I am trying to strike a balance between living sensibly and living well. Obviously I don't have money to waste on anything non essential and I have to see where I can make cutbacks. So in that light, I have decided to sell my car. It sits in the carpark for six days out of seven and I just can't justify the expense. However, I have not been without a car for the last 30 years! I find it gives a great sense of both security and independence to know that I can just get in and go wherever I want.
Sensibly...
I used to love driving, just for driving's sake, but now that enjoyment is gone. The roads are so crowded and everybody else seem to be in such a hurry and so angry! And it is infectious. If someone makes a minor error in driving near me, I find myself raging at them, and yet in any other sphere of life, I would just let it go. I suspect most drivers aren't so much angry as terrified! How did we all get to live such hurried and fearful lives? Why is getting somewhere quickly more important than being courteous and forgiving or even safe? This has helped me in my decision to sell the car. I don't like the person I become behind the wheel but I do like the person I am when I have a tiller in my hand!
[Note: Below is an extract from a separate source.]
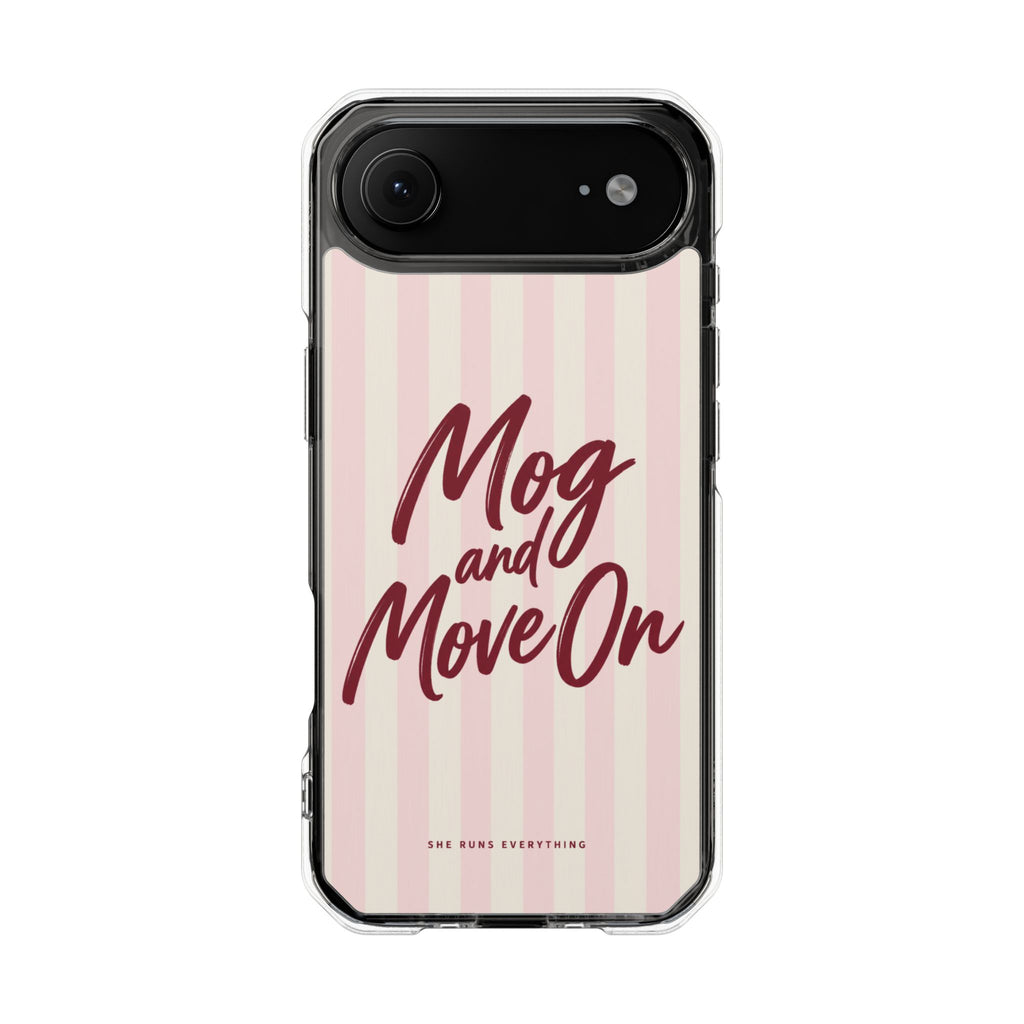 Mog and Move On Phone Case, Burgundy Script iPhone Case, MagSafe Compatible Impact Case, Funny Gift for Her, iPhone 14 15 16 17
I also like the people I meet on the towpath and on the canal much more than those on our highways. People smile and wave. They have time to say 'good morning' and if I make a mistake, other boaters just smile or comment that they also have made mistakes and not to worry about it. There is a courtesy and friendliness on the cut (canal) that I thought was only confined these days to tiny rural hamlets.
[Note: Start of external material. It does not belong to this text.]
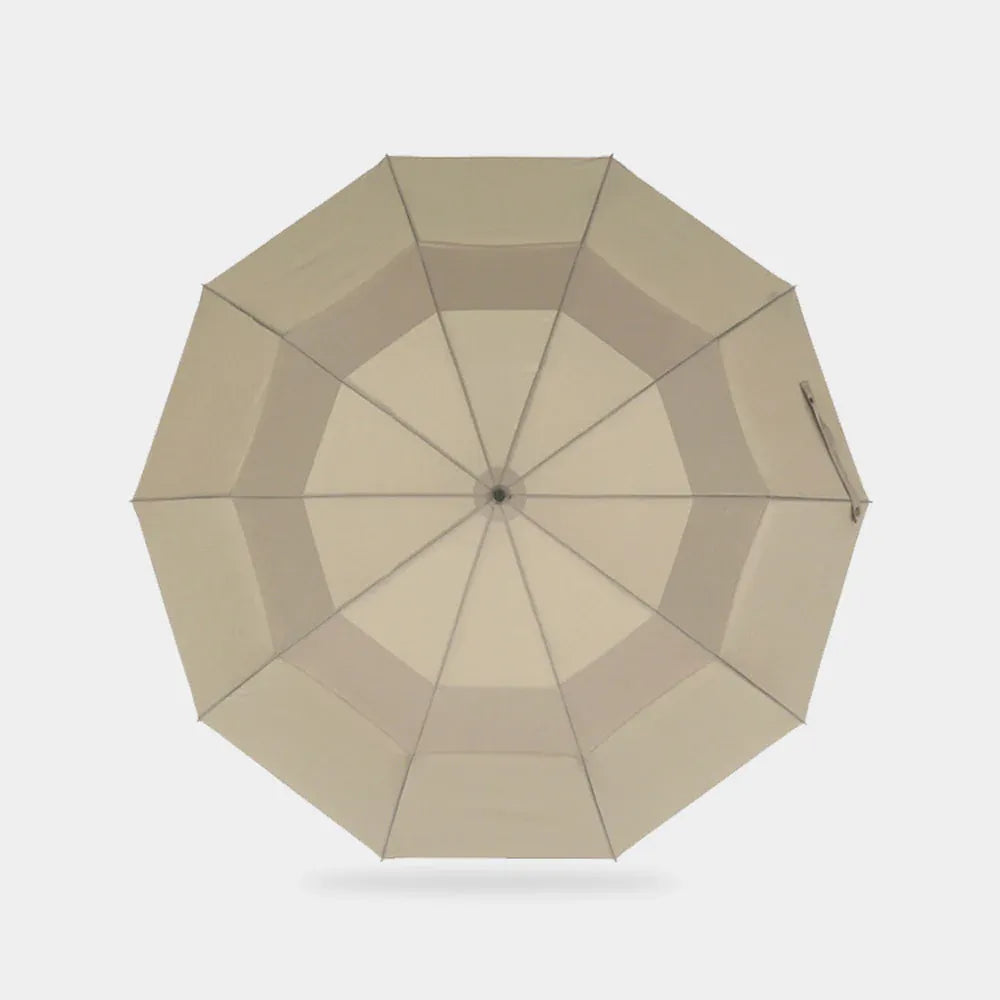 Top-down view of the large open khaki double canopy showing the windproof vents.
Having made the decision, I went straight out and bought a folding bike. I need something to go to the shops with and to carry my shopping home, but also I had forgotten what fun cycling can be. It also feels like it fits this new life; connected to the environment in a way that driving in a metal box can never be. I don't have to worry about parking or getting petrol and the running costs are almost nothing.
Well...
My second decision is to do with the living well rather than economically; in fact sensible people will almost certainly scold me for it. It is 7 months since my beloved labrador died and there is a hole in my heart. I feel I've got all this love to give and nobody to lavish it on, so I'm going to buy a dog. My last two dogs were of the rescue variety and although I loved them both, my regret was that I never knew either of them as puppies. I am also aware that bringing a dog onto a boat has its challenges and it will be a lot easier for both of us if the dog is trained to it from the beginning. I have been researching breeds for a while - although I loved both my Collie and Labrador, I have decided a smaller dog will fit better into my smaller living space. Finally I have narrowed the choice down to a Cairn Terrier. Now I just need to find one. I will use what I get for the car to pay for both the bike and the dog. Here ( I hop
e) is a picture of a Cairn terrier...

Isn't he gorgeous? Hopefully mine will be too.